I. INTRODUCTION
The Sanctuary of Zeus, Mt. Lykaion, occupies Agios Elias, the second-highest peak of Mt. Lykaion (Figure 1). At an elevation of ~1360 m, the sanctuary is located ~14 km west of Megalopolis and ~33 km southeast of Olympia in the southern Peloponessos, Greece (Figure 2). The mountaintop summit itself is shaped like a dome, the base of which is a gently rolling bedrock surface that forms a kind of apron along the northern and western margins at an elevation of ~1170 m. Thus, when viewed from north or west, the dome appears to be projecting upward from a pedestal (Figure 3A). In contrast, the eastern margin of the mountaintop summit is a 200 m precipitous drop, strewn with landslides and rock falls.

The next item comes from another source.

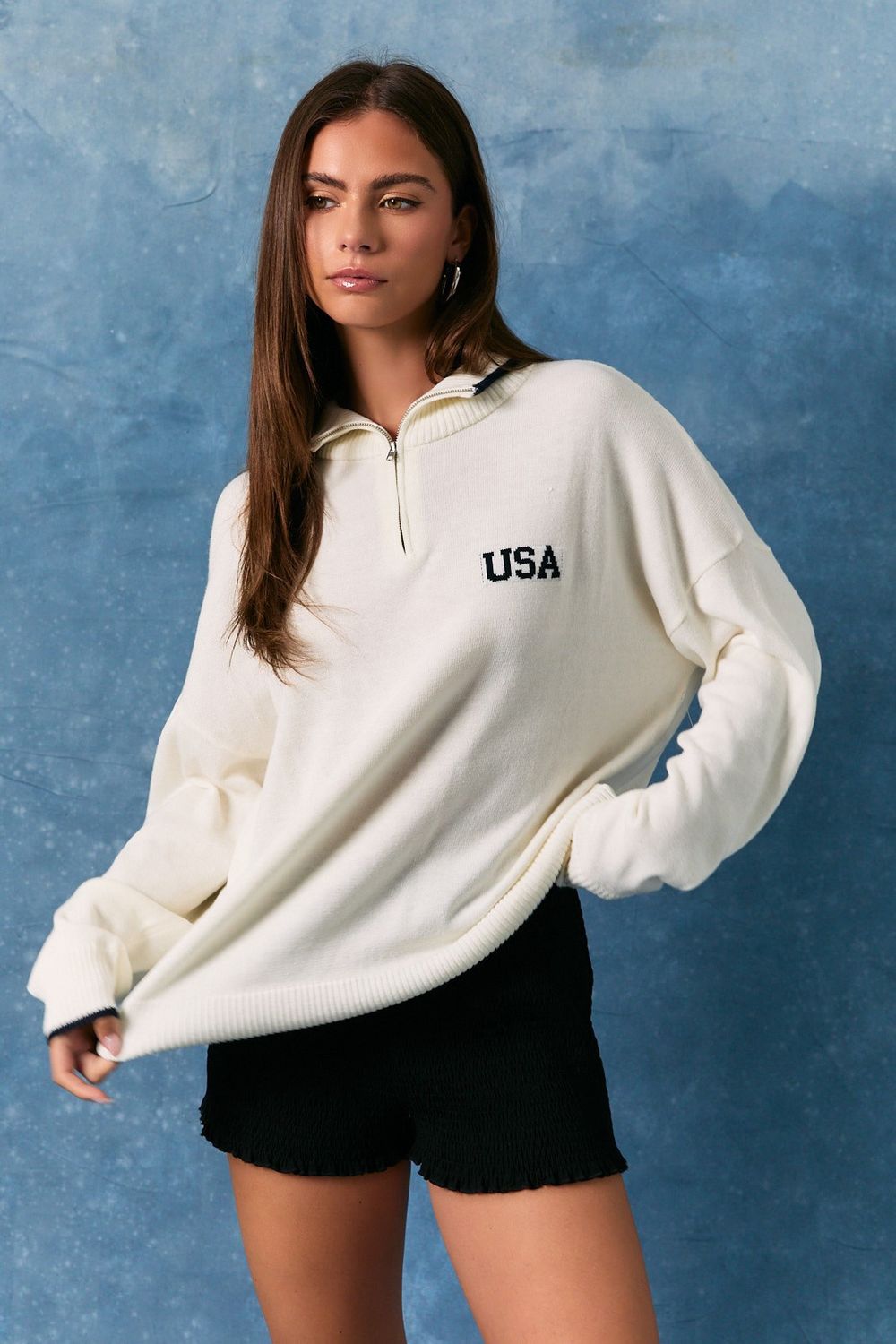 Collared USA Flag Zip Sweater - White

When viewed from the east, therefore, the Sanctuary of Zeus appears daunting and rather inaccessible (Figure 3B).
Pausanias, a Greek traveler and geographer of the 2nd century AD, provides us with an important glimpse of the Sanctuary of Zeus at Mt. Lykaion. He wrote a ten-book Description of Greece, including what he saw and learned about the ancient cultural geography while traveling in Arcadia. For example, Pausanias (8.38.5; 8.38.6; 8.38.7; see Frazer, 1913) makes specific reference to the Sanctuary of Zeus as a sacred place of pan-Hellenic significance, with stadium and hippodrome in which athletic games were held, a sanctuary of Pan, and a temenos and ash altar of Lykaion Zeus. The stadium and hippodrome lie within the lower part of the sanctuary on the flattish bedrock surface; the temenos and ash altar, in contrast, occupy the summit area of Agios Elias (Figure 4B). According to Pausanias (8.38.5; see Frazer, 1913): “There is on Mount Lykaion a sanctuary of Pan, and a grove of trees around it, with a hippodrome in front of which is a stadion (Figure 4A). Of old they used to hold here the Lykaion Games.” Further, Pausanias pointed out (8.38.7, 8.38.6; see Frazer, 1913): “On the highest point of the mountain is a mound of earth, forming an altar of Zeus Lykaios, and from it most of the Peloponessos can be seen” (Figure 4B). “...On this altar they sacrifice in secret to Lykaion Zeus;” adding (Pausanias, 8.38.6, see Frazer, 1913) “…on [Lykaios] is a temenos of Lykaion Zeus, into which people are not allowed to enter. If anyone takes no notice of the rule and enters, he must inevitably live no longer than a year” .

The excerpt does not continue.